◆ Problem details ◆
Nothing but the images is to be left out of your exact copy of the entries.

Stored items:
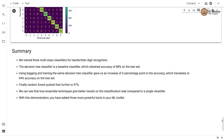We trained three multi-class classifiers for handwritten digit recognition. The decision tree classifier is the baseline, achieving 88 percent accuracy on the test set. Using bagging with the same decision tree gave a six percentage point increase, translating to 94 percent accuracy. Finally, random forest pushed the accuracy further to 97 percent. This demonstrates how ensemble techniques give better results on classification tasks compared to a single classifier, adding three more powerful tools to your ML toolkit.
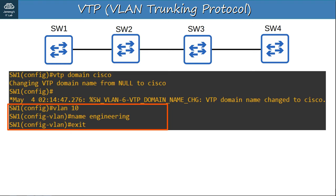VTP isn't on the exam topics list, but you may get basic questions about it. Know the purpose of VTP, the differences between server, client, and transparent mode, that switches operate in server mode by default, that servers also operate as clients, and understand revision numbers. That should be more than enough for the CCNA exam.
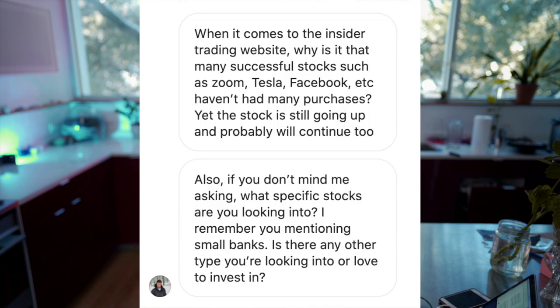Question six: when it comes to insider trading websites, why is it that so many successful stocks like Zoom, Tesla, and Facebook haven't had many insider purchases, yet the stock is still going up and probably will continue to?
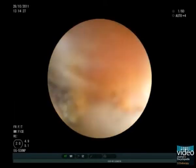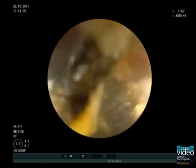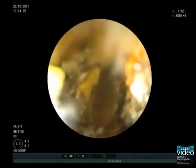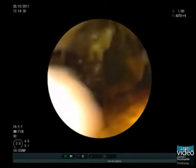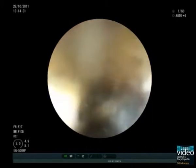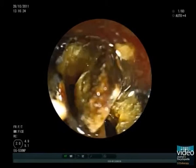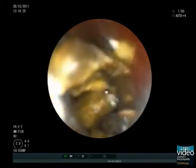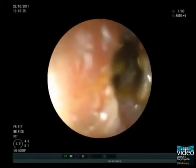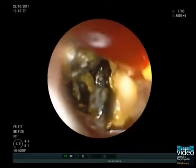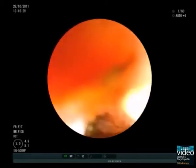Because stone fragments and sludge generated during lithotripsy may obscure the endoscopic view, irrigation through the channel of the endoscope helps to maintain a clear view of the stone. At this stage, the large stone is already crushed into dozens of pieces.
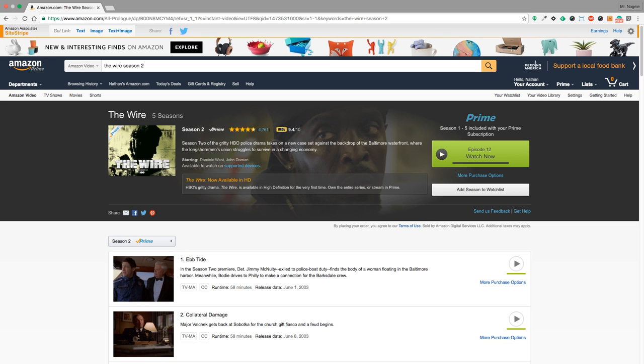So let's fix that. To begin with, go into a season of your favorite show. I have The Wire Season 2 open here, and you just need to go to the play button.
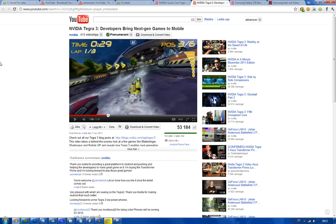It would be nice to compare the iPad 2 versus the Tegra 3, and I know a lot of you guys are going to say that's not fair. And yes, that may be the case, but you always want to compare what's out on the market right now.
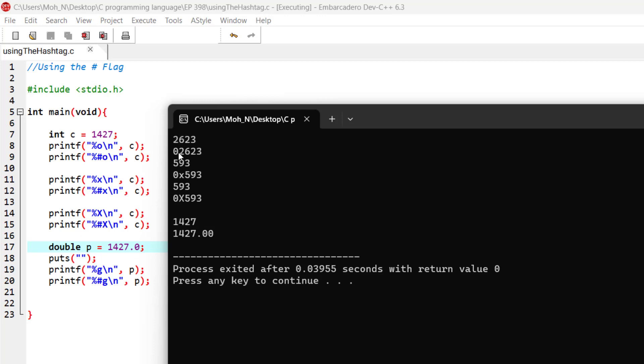In here, you can see we have used the conversion specifier 'x' and also the capital conversion specifier 'X', both of which convert the integer into hexadecimal representation. You can see that here we have got the hexadecimal representation of this number.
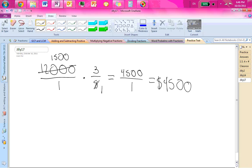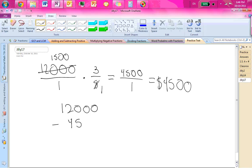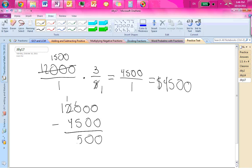So you need to do 12,000 minus 4,500, which is 7,500.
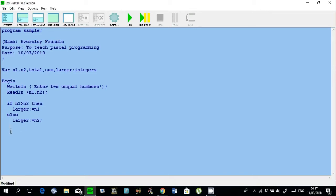Then I have to create my results. Writeln: 'The larger number is: ', larger. Then the semicolon. So that does it.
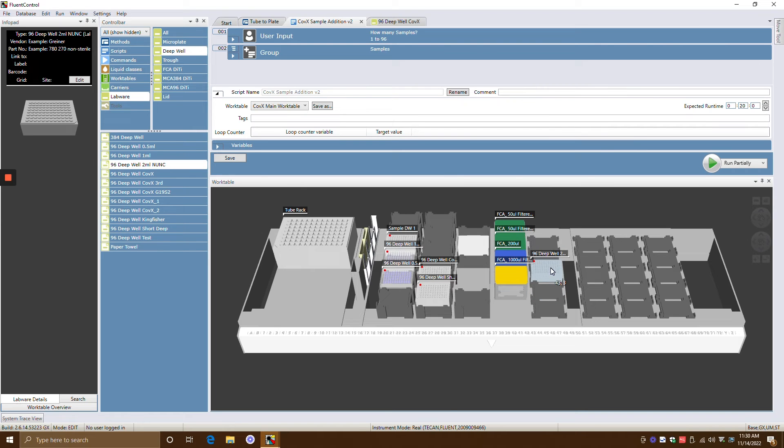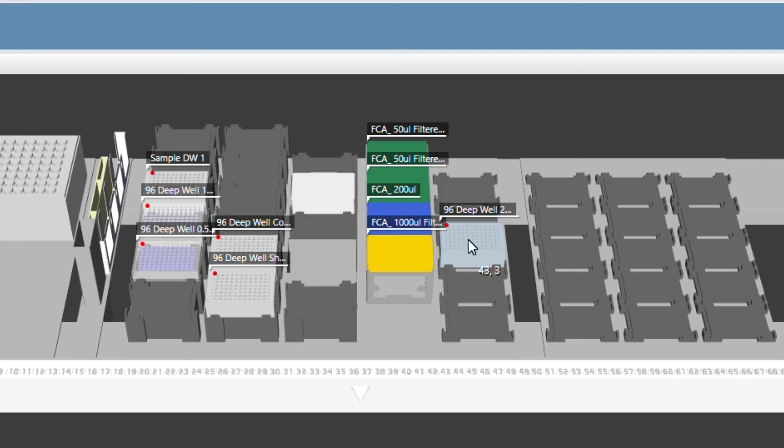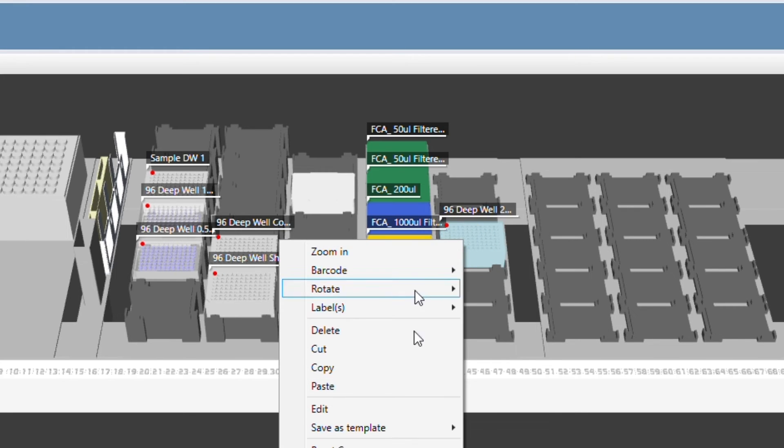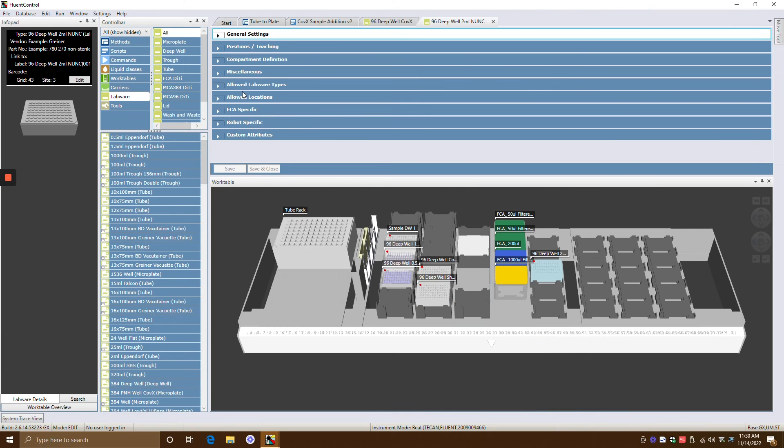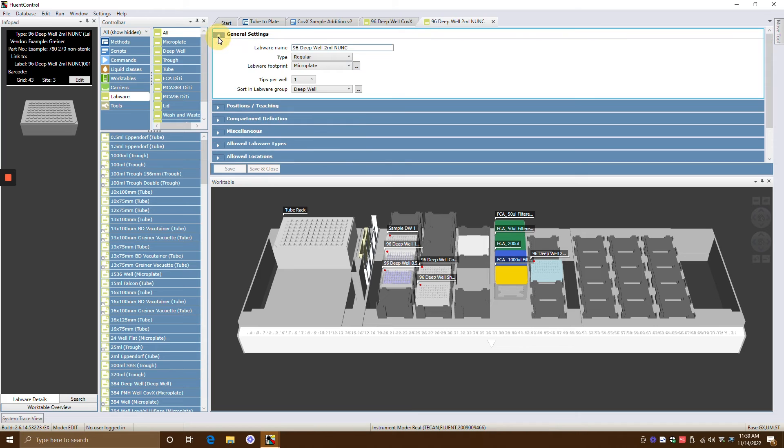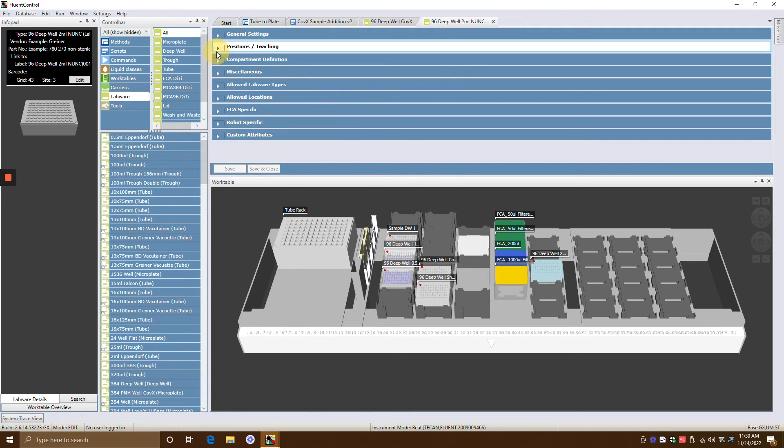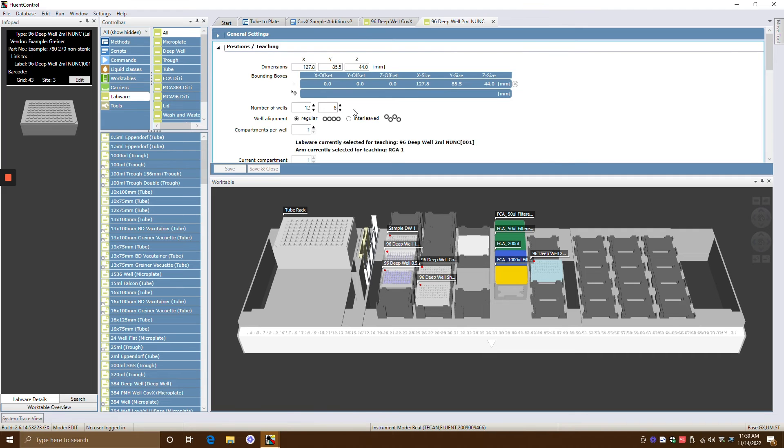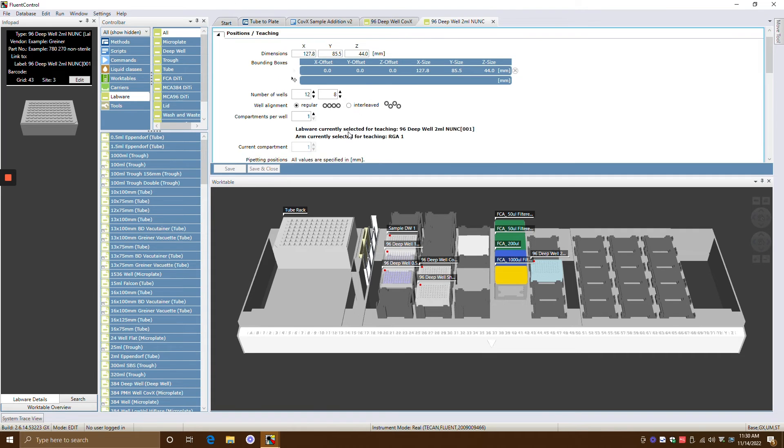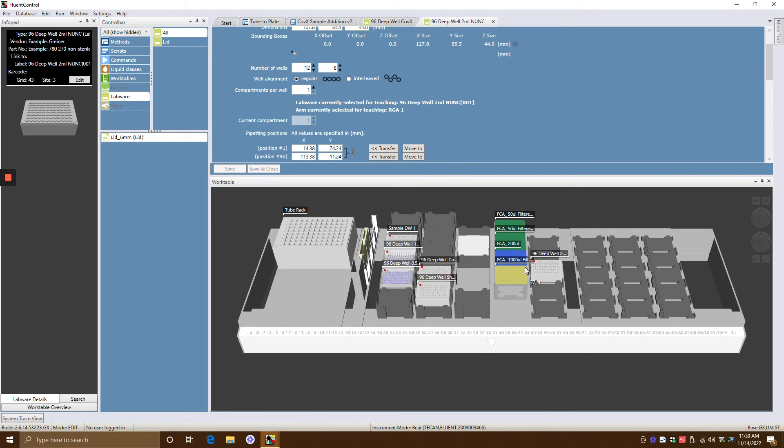And then if you wanted to edit the specific labware, if you wanted to change the name, you could just right click on that and click edit. And then you can do your general settings where you can name it whatever you want. You can do the positionings and position it however you want.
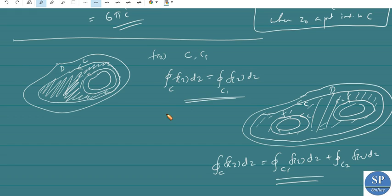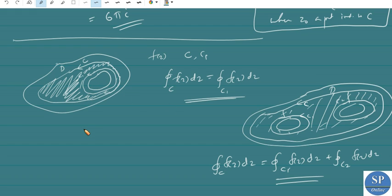So this can be generalized to a multiply connected domain with n holes. The doubly connected case has one hole and the triply connected case has two holes. The general Cauchy-Goursat theorem for multiply connected domains will be stated in the next lecture.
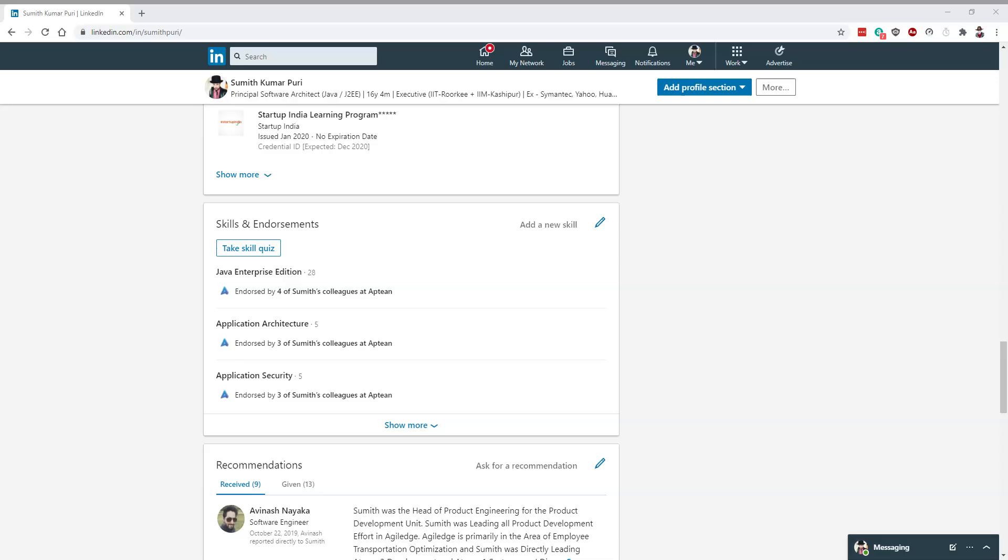I'm taking a test for Java skills on LinkedIn. I'm seeking a principal software architect position or head of product engineering. I have 16 years and four months of experience in hardcore Java J2EE, so let's begin the test.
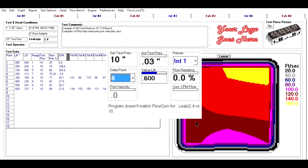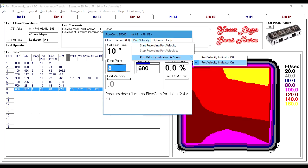Now we're in our recording screen, and under port velocity, there is an option there to report velocity sound indicator to be on or for it to be off. And right now we have it turned on.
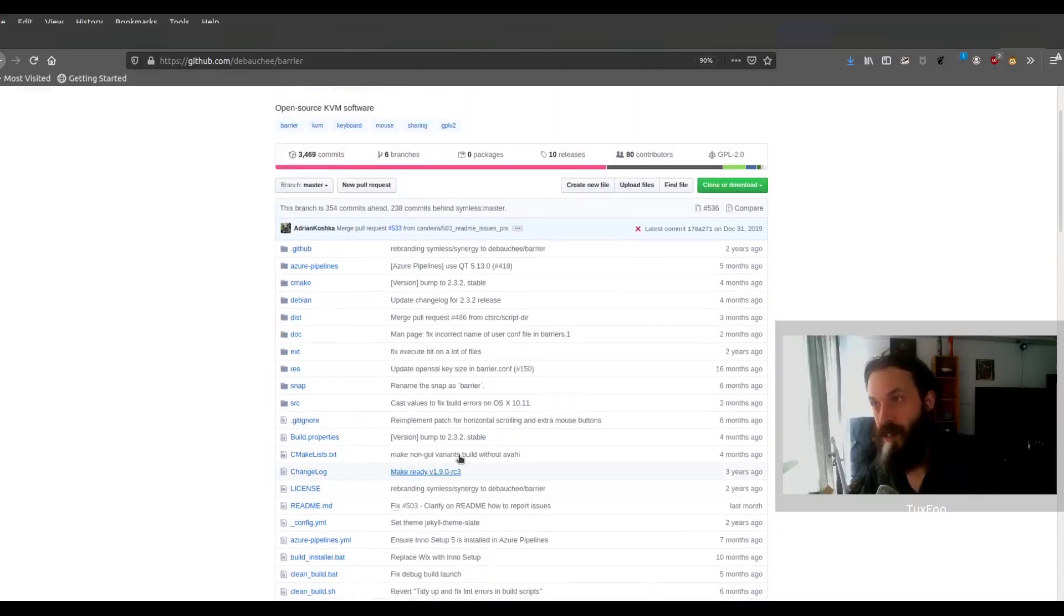Hi, I'm Tuxfu. Just a quick video today. I wanted to showcase a cool piece of open source software. So let's take a look.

◆ Result of the task ◆
We trained three multi-class classifiers for handwritten digit recognition. The decision tree classifier is the baseline, achieving 88 percent accuracy on the test set. Using bagging with the same decision tree gave a six percentage point increase, translating to 94 percent accuracy. Finally, random forest pushed the accuracy further to 97 percent. This demonstrates how ensemble techniques give better results on classification tasks compared to a single classifier, adding three more powerful tools to your ML toolkit.
VTP isn't on the exam topics list, but you may get basic questions about it. Know the purpose of VTP, the differences between server, client, and transparent mode, that switches operate in server mode by default, that servers also operate as clients, and understand revision numbers. That should be more than enough for the CCNA exam.
Question six: when it comes to insider trading websites, why is it that so many successful stocks like Zoom, Tesla, and Facebook haven't had many insider purchases, yet the stock is still going up and probably will continue to?
Because stone fragments and sludge generated during lithotripsy may obscure the endoscopic view, irrigation through the channel of the endoscope helps to maintain a clear view of the stone. At this stage, the large stone is already crushed into dozens of pieces.
So let's fix that. To begin with, go into a season of your favorite show. I have The Wire Season 2 open here, and you just need to go to the play button.
It would be nice to compare the iPad 2 versus the Tegra 3, and I know a lot of you guys are going to say that's not fair. And yes, that may be the case, but you always want to compare what's out on the market right now.
In here, you can see we have used the conversion specifier 'x' and also the capital conversion specifier 'X', both of which convert the integer into hexadecimal representation. You can see that here we have got the hexadecimal representation of this number.
So you need to do 12,000 minus 4,500, which is 7,500.
Then I have to create my results. Writeln: 'The larger number is: ', larger. Then the semicolon. So that does it.
And then if you wanted to edit the specific labware, if you wanted to change the name, you could just right click on that and click edit. And then you can do your general settings where you can name it whatever you want. You can do the positionings and position it however you want.
So this can be generalized to a multiply connected domain with n holes. The doubly connected case has one hole and the triply connected case has two holes. The general Cauchy-Goursat theorem for multiply connected domains will be stated in the next lecture.
I'm taking a test for Java skills on LinkedIn. I'm seeking a principal software architect position or head of product engineering. I have 16 years and four months of experience in hardcore Java J2EE, so let's begin the test.
Now we're in our recording screen, and under port velocity, there is an option there to report velocity sound indicator to be on or for it to be off. And right now we have it turned on.
Hi, I'm Tuxfu. Just a quick video today. I wanted to showcase a cool piece of open source software. So let's take a look.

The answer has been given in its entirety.